A decision tree is an ML model that splits the samples into some sub-populations to better categorize them, and give higher-resolution information about the whole population. These rules are based on the questions based on feature specifications. Among all rules that can create a split, one that carries more information will be prioritized.
The main characteristics of the decision trees are:
There are decision trees for both Classification and Regression
Trees are Rule-based and Interpretable, which means one can expect to express the splits as follows:
If A and B or C ⇒ D
Based on the most significant splitter one splits the population
Let us see how we will form a tree from the example in the introduction of the classification section. At the moment, we consider using no question for splitting the population. In the data, there are three characteristics (here features) that we can base our rules on them.

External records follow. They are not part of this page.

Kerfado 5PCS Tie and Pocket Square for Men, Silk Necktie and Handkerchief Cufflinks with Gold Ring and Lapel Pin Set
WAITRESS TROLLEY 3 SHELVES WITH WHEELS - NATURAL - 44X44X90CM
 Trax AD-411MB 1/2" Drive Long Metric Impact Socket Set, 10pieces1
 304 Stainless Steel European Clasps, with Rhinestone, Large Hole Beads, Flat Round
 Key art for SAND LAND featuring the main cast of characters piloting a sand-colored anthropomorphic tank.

Let us first consider the "marital" status. What we do, is as follows. In the first box, we write the number of people, 1000, in the brackets, and underneath we show how they are split into two classes by using different colors: 900 (black) no-conversion and 100 otherwise (red). Note that we can also consider the same example for credit risk where no-conversion means creditworthy, and conversion means bad credit. Now according to marital status, the population will be split into two groups: married and unmarried. The number of married individuals is 700 shown in the box on the left, and the number of unmarried is 300, shown in the box on the right. Now we repeat the first step for each box (sub-group): we write the number of people in the brackets: (700) married, (300) unmarried. For instance, 650 of the married individuals (left box) do not convert and we write it in black, and for the rest 50 we write in red.

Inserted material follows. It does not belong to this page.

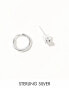 Фото #1 товара ASOS DESIGN sterling silver hoop and crystal stud in silver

Repeat the same process by asking about their employability for the boxes of married and unmarried people. So, we have four boxes where the number of people in each box is based on no-convert and convert, black and red, respectively. Now we can produce the probability of no-conversion and conversion associated with each final box in a table. For instance, let us look at the box on the far left. As one can see the number of people in this group, that is the people who are married and employed, is 390. Among them, 10 will convert and 390 will not. Therefore, for people who are married and employed the probability of conversion is 1/40 and otherwise is 39/40.

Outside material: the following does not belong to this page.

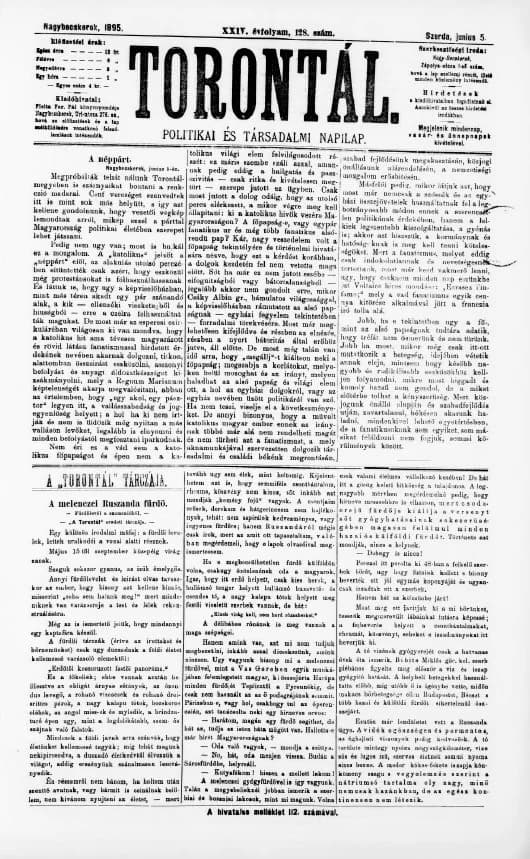 Torontál, 24. évf. 1895. június 5. 128. sz.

There are a few points that we must consider.
We always better keep the same direction for the ‘Yes’ and ‘No’ answers. Here moving to the left means ‘Yes’ answer and moving right means ‘No’ answer.
The first box is called the root, then we have branches, and finally, we end up with leaves (the final boxes).
This tree is of depth two since it only asks two questions.
There are three main questions that we need to ask ourselves now,
How we can use this tree to make a prediction and classification?
Could we have started from a different question, for instance starting from education or employability, instead of marriage, resulting in more accurate results and carrying more information?
Is it worth carrying on and having a deeper tree?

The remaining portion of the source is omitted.